> [Work task] Return the data below exactly, but only from the line containing "food additives, molecule" through the line containing "Stewart Royal Modern", with both of those lines included.

> [Source data]
+---+

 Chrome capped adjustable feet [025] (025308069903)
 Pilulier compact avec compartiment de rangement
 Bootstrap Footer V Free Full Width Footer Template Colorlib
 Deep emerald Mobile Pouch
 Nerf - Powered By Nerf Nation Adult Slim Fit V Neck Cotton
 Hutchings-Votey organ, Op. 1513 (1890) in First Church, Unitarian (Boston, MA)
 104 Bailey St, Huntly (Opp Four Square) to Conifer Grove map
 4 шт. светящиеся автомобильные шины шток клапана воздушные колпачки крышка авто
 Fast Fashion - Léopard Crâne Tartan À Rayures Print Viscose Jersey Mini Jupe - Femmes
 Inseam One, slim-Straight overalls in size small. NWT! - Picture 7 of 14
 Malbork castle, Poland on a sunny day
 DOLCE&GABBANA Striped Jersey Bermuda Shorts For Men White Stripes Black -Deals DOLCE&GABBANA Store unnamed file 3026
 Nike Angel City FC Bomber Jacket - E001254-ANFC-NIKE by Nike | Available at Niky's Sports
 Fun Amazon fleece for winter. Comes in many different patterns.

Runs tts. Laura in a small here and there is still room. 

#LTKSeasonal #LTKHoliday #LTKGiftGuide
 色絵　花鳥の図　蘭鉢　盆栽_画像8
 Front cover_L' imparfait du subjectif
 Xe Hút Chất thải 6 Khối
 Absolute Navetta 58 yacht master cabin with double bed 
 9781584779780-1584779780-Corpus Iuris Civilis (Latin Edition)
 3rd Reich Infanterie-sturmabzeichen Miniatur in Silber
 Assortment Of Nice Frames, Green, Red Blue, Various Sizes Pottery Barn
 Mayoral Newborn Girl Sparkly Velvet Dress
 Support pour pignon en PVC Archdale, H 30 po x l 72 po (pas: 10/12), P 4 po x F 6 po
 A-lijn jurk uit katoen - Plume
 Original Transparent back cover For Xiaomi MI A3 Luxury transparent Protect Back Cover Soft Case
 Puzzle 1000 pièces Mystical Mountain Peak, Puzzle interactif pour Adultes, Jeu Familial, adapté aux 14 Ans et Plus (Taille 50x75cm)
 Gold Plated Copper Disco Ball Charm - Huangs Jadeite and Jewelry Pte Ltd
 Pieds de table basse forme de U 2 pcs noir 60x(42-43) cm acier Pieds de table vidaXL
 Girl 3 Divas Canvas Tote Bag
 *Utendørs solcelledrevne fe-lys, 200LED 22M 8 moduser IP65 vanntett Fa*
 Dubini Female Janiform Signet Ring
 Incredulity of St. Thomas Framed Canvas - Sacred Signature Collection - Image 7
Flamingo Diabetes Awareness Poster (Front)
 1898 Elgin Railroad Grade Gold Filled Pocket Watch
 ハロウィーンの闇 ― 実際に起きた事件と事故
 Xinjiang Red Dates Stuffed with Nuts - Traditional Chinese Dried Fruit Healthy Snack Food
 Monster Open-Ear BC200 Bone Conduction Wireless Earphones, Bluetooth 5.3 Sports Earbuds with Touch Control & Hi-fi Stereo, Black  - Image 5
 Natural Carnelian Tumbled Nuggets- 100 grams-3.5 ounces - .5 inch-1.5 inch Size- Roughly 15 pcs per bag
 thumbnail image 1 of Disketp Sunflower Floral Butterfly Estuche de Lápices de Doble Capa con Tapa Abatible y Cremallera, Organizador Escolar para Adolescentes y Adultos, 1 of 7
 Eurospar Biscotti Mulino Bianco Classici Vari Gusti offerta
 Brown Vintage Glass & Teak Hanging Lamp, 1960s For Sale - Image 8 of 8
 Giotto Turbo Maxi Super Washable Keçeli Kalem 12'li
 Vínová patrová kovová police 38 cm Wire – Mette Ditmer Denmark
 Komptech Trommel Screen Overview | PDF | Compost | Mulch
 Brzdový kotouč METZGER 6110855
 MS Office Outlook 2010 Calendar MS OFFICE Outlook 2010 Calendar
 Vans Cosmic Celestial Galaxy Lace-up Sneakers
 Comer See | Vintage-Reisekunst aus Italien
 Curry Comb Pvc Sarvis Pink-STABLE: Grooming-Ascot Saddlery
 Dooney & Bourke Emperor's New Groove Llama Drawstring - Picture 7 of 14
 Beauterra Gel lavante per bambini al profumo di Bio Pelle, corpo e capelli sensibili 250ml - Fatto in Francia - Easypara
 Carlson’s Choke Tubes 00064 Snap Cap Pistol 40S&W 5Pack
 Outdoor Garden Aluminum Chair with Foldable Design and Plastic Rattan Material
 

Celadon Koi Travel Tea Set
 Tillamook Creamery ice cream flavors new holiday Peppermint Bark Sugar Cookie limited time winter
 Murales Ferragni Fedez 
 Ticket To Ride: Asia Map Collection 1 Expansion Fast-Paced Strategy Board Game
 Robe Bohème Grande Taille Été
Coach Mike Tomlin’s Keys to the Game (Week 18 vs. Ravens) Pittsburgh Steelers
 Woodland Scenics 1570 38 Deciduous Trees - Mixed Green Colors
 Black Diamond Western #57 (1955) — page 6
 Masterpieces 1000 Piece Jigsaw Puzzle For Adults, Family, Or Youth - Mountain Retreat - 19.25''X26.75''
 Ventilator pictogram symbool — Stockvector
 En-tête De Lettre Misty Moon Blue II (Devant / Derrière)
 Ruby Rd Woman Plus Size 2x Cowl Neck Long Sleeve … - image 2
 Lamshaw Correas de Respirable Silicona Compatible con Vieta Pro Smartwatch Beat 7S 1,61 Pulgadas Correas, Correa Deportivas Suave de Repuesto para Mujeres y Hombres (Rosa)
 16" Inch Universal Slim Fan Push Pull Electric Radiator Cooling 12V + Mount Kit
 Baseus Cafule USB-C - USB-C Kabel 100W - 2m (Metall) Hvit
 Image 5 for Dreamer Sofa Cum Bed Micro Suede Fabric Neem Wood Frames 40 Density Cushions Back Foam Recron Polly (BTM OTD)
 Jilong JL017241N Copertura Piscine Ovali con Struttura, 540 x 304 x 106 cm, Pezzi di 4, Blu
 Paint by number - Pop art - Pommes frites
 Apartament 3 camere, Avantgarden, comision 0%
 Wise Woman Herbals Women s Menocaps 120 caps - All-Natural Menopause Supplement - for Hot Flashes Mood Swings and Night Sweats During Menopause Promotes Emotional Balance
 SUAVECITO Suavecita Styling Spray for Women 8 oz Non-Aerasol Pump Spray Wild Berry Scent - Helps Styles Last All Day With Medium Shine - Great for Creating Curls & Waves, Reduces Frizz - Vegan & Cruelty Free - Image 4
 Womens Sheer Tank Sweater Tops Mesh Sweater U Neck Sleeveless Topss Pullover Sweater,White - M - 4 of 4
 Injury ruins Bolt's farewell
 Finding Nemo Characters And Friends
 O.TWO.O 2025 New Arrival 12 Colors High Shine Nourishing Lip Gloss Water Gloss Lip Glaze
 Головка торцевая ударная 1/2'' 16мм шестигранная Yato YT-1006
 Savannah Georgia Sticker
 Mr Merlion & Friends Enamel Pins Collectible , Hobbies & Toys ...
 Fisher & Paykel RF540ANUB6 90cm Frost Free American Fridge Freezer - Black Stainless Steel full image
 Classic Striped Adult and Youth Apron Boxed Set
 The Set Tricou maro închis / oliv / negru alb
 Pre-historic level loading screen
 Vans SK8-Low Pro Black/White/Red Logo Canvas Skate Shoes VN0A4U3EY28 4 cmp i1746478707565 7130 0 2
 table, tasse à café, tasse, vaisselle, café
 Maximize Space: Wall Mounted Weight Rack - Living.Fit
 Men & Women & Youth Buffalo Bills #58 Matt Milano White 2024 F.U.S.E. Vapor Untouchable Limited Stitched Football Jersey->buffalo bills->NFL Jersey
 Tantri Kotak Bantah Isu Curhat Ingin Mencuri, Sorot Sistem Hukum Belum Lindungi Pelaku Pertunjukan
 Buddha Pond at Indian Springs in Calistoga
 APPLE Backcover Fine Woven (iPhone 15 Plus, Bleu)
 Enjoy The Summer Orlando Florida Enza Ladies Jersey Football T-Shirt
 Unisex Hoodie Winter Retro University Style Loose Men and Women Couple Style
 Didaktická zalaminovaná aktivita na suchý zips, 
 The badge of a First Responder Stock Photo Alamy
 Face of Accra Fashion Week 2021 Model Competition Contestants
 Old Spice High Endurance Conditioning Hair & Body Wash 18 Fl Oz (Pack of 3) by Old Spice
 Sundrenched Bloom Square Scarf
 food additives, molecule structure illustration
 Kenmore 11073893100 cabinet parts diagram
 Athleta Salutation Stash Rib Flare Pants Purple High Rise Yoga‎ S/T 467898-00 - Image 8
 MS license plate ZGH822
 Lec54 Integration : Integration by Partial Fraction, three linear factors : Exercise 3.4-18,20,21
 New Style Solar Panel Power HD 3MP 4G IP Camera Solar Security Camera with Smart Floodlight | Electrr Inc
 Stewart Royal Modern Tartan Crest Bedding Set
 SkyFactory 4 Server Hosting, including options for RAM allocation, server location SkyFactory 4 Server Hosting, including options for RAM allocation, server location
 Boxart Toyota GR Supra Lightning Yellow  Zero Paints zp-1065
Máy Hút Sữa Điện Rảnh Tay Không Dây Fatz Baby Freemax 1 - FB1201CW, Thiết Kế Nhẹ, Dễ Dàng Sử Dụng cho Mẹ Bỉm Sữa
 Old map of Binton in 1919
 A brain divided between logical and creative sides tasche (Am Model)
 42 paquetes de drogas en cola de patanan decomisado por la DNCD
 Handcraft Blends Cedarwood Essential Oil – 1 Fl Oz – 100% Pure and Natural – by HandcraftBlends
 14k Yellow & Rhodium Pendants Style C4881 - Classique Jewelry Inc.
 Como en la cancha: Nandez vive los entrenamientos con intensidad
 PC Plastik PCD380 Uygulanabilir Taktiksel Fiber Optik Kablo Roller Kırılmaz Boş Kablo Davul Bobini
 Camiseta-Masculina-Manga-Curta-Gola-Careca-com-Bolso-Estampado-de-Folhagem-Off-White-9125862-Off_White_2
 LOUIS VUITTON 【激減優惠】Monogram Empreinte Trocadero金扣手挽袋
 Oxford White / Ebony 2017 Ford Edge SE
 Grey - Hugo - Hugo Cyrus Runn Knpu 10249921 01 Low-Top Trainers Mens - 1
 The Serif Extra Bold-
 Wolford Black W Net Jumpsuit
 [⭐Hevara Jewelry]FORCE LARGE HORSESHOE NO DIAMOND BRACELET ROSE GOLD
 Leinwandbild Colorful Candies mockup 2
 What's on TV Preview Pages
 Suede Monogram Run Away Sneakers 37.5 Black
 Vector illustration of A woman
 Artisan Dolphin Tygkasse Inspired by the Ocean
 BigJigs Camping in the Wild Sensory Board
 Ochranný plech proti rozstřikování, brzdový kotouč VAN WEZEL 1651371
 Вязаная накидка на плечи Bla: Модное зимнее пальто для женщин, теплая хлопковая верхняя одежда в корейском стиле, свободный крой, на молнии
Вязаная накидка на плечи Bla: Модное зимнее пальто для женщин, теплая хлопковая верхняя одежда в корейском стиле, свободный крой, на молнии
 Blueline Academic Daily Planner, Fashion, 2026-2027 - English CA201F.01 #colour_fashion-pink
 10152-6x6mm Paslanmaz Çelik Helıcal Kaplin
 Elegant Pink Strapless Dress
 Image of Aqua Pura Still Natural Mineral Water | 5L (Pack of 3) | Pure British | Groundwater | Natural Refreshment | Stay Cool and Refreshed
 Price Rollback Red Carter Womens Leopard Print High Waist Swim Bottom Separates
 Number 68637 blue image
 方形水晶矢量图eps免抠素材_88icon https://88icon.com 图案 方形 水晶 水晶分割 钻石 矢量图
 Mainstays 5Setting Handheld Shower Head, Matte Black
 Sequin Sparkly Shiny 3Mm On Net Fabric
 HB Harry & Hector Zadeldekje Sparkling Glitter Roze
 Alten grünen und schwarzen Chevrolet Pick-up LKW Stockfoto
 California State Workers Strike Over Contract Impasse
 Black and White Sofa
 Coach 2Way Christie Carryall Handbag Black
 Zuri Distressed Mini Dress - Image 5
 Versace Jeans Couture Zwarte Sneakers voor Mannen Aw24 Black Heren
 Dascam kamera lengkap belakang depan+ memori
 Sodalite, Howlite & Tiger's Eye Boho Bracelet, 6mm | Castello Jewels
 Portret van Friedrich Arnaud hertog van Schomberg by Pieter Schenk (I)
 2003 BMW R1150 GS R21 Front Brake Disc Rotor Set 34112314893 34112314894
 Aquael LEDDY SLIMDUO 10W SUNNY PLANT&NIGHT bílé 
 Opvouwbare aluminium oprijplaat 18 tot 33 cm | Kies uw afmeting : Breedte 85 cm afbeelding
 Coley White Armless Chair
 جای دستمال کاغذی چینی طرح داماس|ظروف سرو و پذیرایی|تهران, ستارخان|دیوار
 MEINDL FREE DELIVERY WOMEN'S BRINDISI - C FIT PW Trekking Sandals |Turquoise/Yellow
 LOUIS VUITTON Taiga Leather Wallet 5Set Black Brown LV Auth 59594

+---+

> [Written solution]
 food additives, molecule structure illustration
 Kenmore 11073893100 cabinet parts diagram
 Athleta Salutation Stash Rib Flare Pants Purple High Rise Yoga‎ S/T 467898-00 - Image 8
 MS license plate ZGH822
 Lec54 Integration : Integration by Partial Fraction, three linear factors : Exercise 3.4-18,20,21
 New Style Solar Panel Power HD 3MP 4G IP Camera Solar Security Camera with Smart Floodlight | Electrr Inc
 Stewart Royal Modern Tartan Crest Bedding Set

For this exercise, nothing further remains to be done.